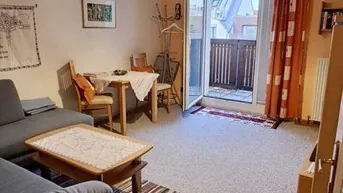 Expose 12. Bezirk Steinhagegasse - 2-Zi.-DG-Wohnung mit Balkon und Lift, bezugsfertig!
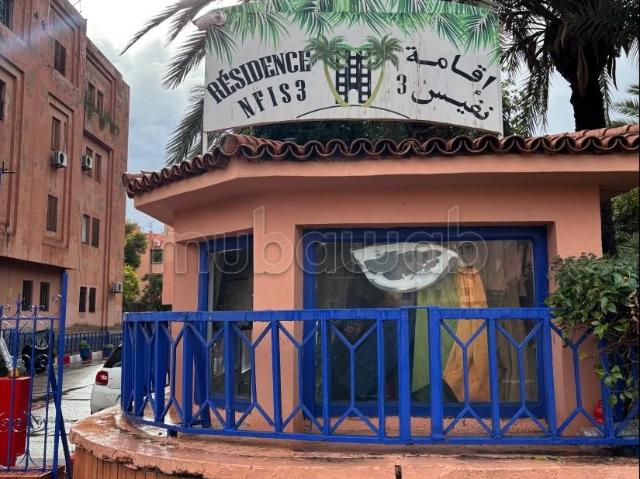 Appartement vente à Marrakech, L'Oriental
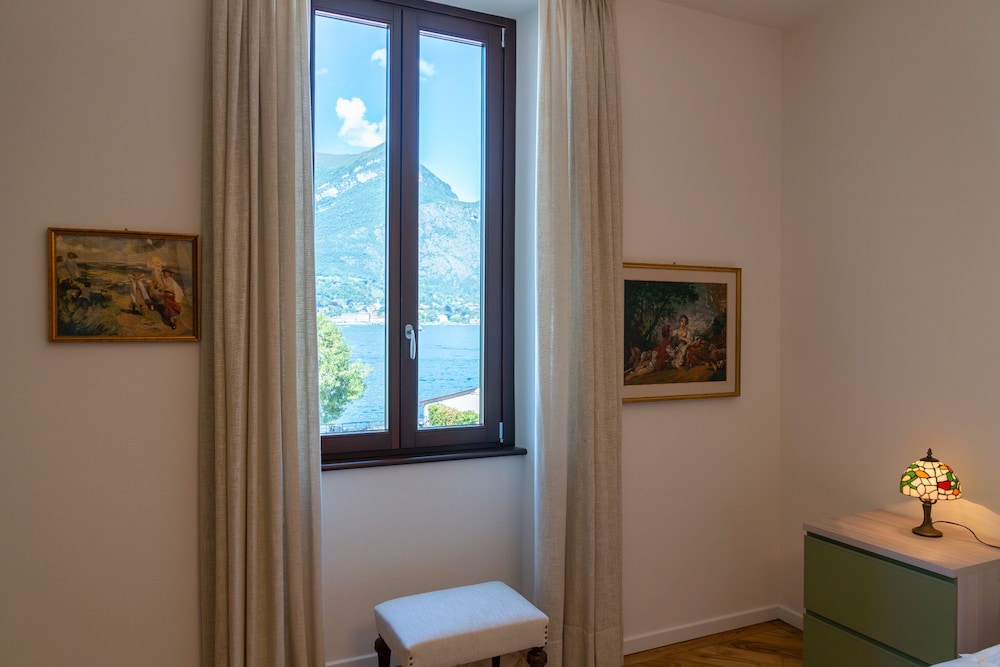 Eleganza e Stile nel Cuore di Bellagio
========================
What is needed is every line of the data above, set down exactly but with the images left out.

 Expose 12. Bezirk Steinhagegasse - 2-Zi.-DG-Wohnung mit Balkon und Lift, bezugsfertig!
 Appartement vente à Marrakech, L'Oriental
 Eleganza e Stile nel Cuore di Bellagio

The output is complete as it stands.